Find a museum near you to beat the summer heat

By Margaret Buranen

Fun for All at NC Children’s Museums

Discovery Place in Huntersville

A visit to a children’s museum is a cool way to spend a hot summer day. North Carolina has some fine museums designed to spark learning, fun and amazement in kids of all ages, including those listed here. (See museums’ websites for information on admission prices, parking, café hours, directions and general policies.)

Discovery Place - Nature

Discovery Place - Nature


Discovery Place Nature

1658 Sterling Rd., Charlotte
Insect Alley, adjacent butterfly pavilion (live insects), Naturalist Lab with scopes for close-up specimen viewing, Creature Cavern, Paw Paw Nature Trail to explore.
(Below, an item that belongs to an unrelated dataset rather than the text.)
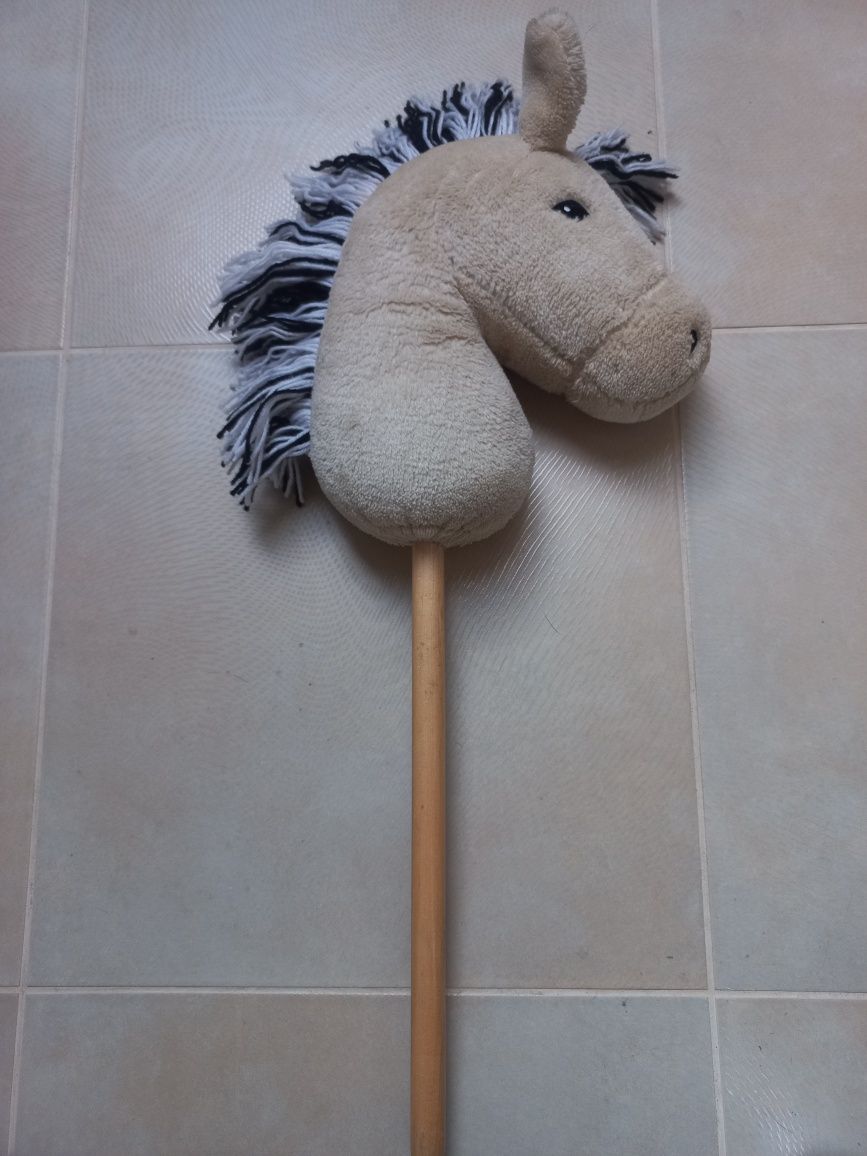 Koń na patyku hobby horse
Fort Wild has logs, boulders and wheelbarrows so kids can build forts. For kids of all ages.

Discovery Place Science Center

301 N Tryon St., Charlotte
Science and technology exhibits for all ages. Great new exhibits on oceans and the human body. Rainforest with real plants, animals — and humidity of the tropics. Hands on labs, IMAX theater presentations.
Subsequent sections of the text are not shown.